Order of Differential Equation:-

Differential Equations are classified on the basis of the order. Order of a differential equation is the order of the highest derivative (also known as differential coefficient) present in the equation.

Example (i):

\(\begin{array}{l}\frac{d^3 x}{dx^3} + 3x\frac{dy}{dx} = e^y\end{array} \)

In this equation, the order of the highest derivative is 3 hence, this is a third order differential equation.

Example (ii) : –

\(\begin{array}{l} (\frac{d^2 y}{dx^2})^ 4 + \frac{dy}{dx}= 3 \end{array} \)

This equation represents a second order differential equation.

This way we can have higher order differential equations i.e.

\(\begin{array}{l} n^{th}\end{array} \)
order differential equations.

Differential-Equation

First order differential equation:

The order of highest derivative in case of first order differential equations is 1. A linear differential equation has order 1. In case of linear differential equations, the first derivative is the highest order derivative.

\(\begin{array}{l}\frac{dy}{dx} + Py = Q \end{array} \)

P and Q are either constants or functions of the independent variable only.

This represents a linear differential equation whose order is 1.

Example:

\(\begin{array}{l} \frac{dy}{dx} + (x^2 + 5)y = \frac{x}{5} \end{array} \)

This also represents a First order Differential Equation.

Second Order Differential Equation:

When the order of the highest derivative present is 2, then it is a second order differential equation.

Example:

\(\begin{array}{l}\frac{d^2 y}{dx^2} + (x^3 + 3x) y = 9 \end{array} \)

In this example, the order of the highest derivative is 2. Therefore, it is a second order differential equation.

Degree of Differential Equation:

The degree of the differential equation is represented by the power of the highest order derivative in the given differential equation.

The differential equation must be a polynomial equation in derivatives for the degree to be defined.

Example 1:-

\(\begin{array}{l}\frac{d^4 y}{dx^4} + (\frac{d^2 y}{dx^2})^2 – 3\frac{dy}{dx} + y = 9 \end{array} \)

Here, the exponent of the highest order derivative is one and the given differential equation is a polynomial equation in derivatives. Hence, the degree of this equation is 1.

Example 2:

\(\begin{array}{l} [\frac{d^2 y}{dx^2} + (\frac{dy}{dx})^2]^4 = k^2(\frac{d^3 y}{dx^3})^2\end{array} \)

The order of this equation is 3 and the degree is 2 as the highest derivative is of order 3 and the exponent raised to the highest derivative is 2.

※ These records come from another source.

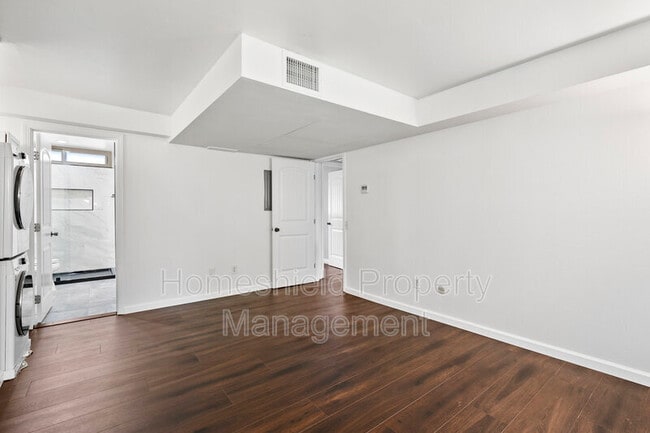 Building Photo - 4098 Valeta St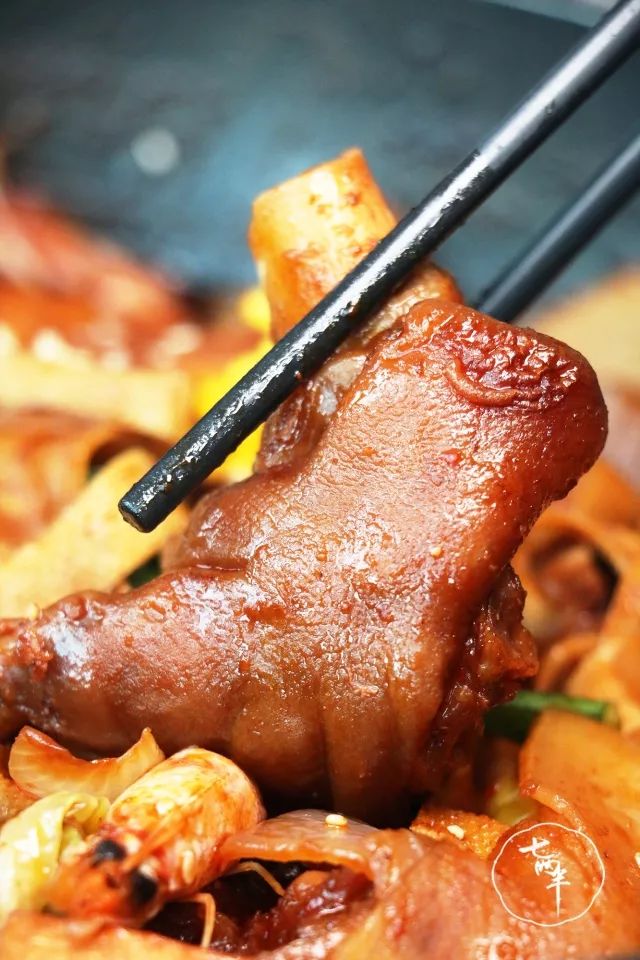 开店5年满5星好评，李家村这家私房焖锅，不服不行！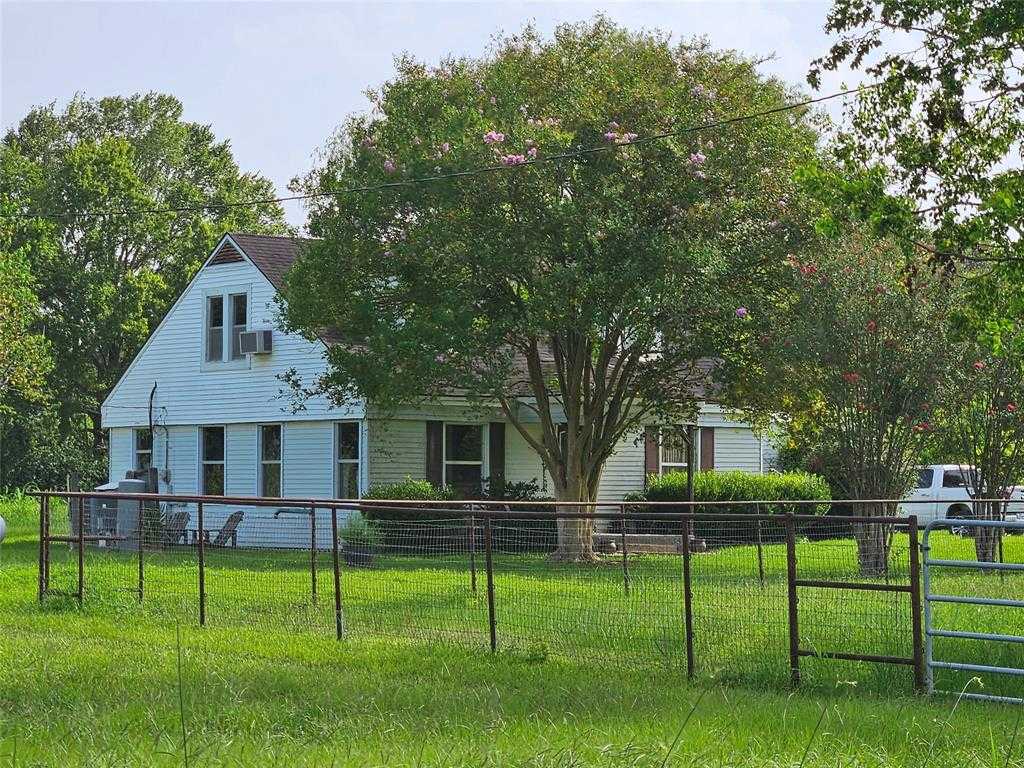 photo 2: 304 Hawkins Road, Alvin TX 77511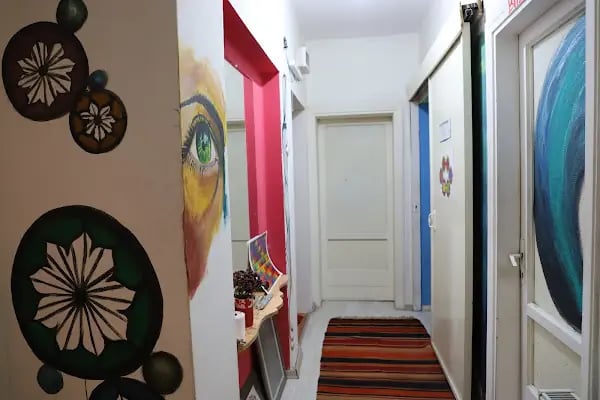 Shantihome Hostel İzmir - Resim 8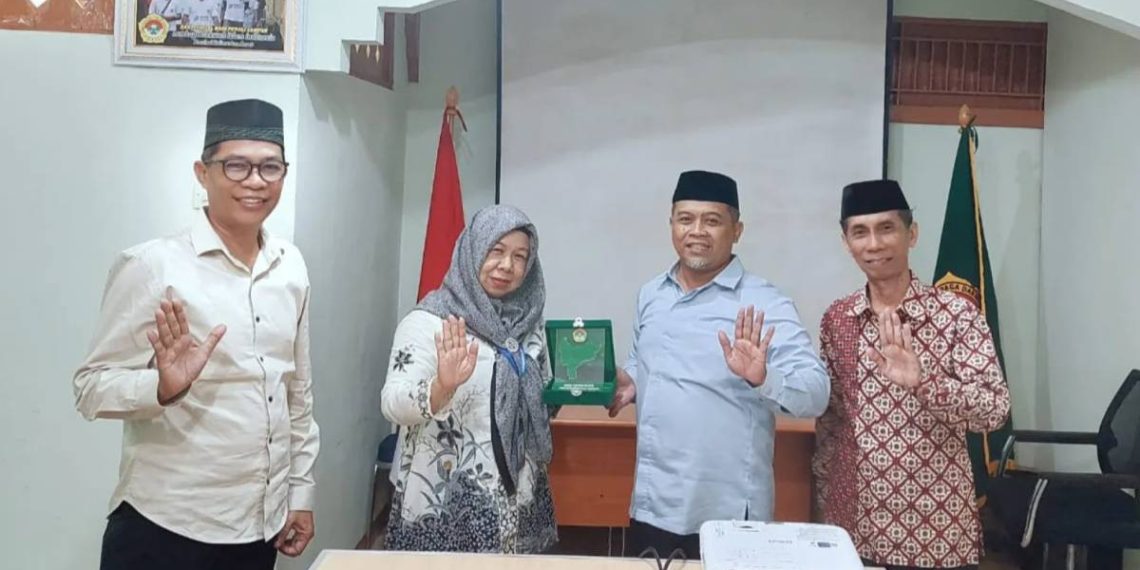 Satgas Percepatan Penurunan Stunting (PPS) Kalbar berkunjung ke DPW LDII Kalbar. Foto: LINES.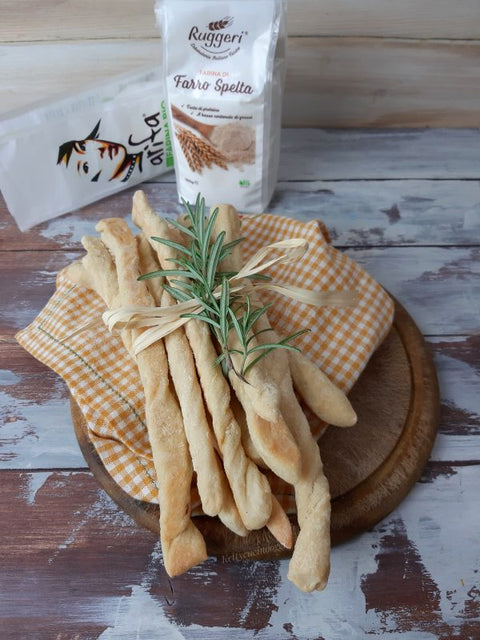 Grissini attorcigliati al farro
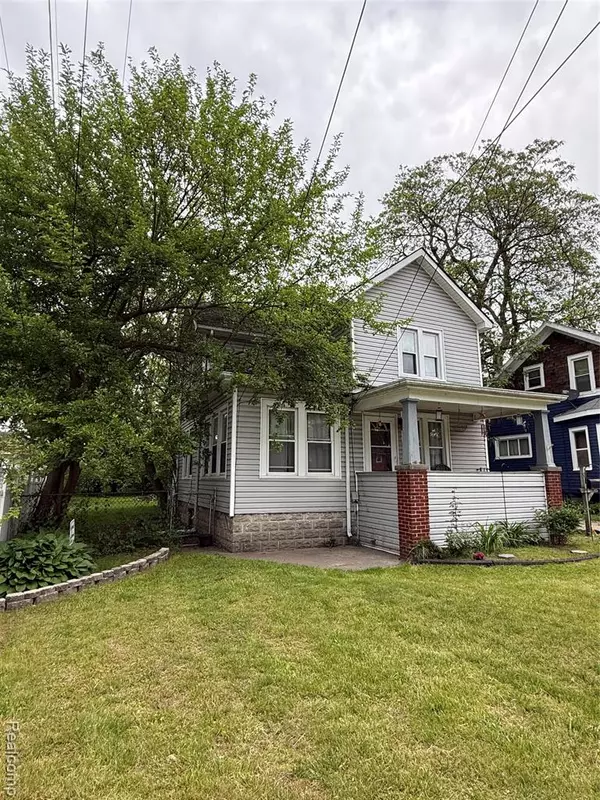 Mount Clemens, MI 48043 5505,35 GROVE PARK Street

When the Degree of Differential Equation is not Defined?

It is not possible every time that we can find the degree of given differential equation. The degree of any differential equation can be found when it is in the form a polynomial; otherwise, the degree cannot be defined.

Suppose in a differential equation dy/dx = tan (x + y), the degree is 1, whereas for a differential equation tan (dy/dx) = x + y, the degree is not defined. These type of differential equations can be observed with other trigonometry functions such as sine, cosine and so on.

Let us see some more examples on finding the degree and order of differential equations.

Example 3:-

\(\begin{array}{l}\frac{d^2 y}{dx^2} + cos\frac{d^2 y}{dx^2} = 5x\end{array} \)

The given differential equation is not a polynomial equation in derivatives. Hence, the degree of this equation is not defined.

Example 4:-

\(\begin{array}{l}(\frac{d^3 y}{dx^3})^2 + y = 0\end{array} \)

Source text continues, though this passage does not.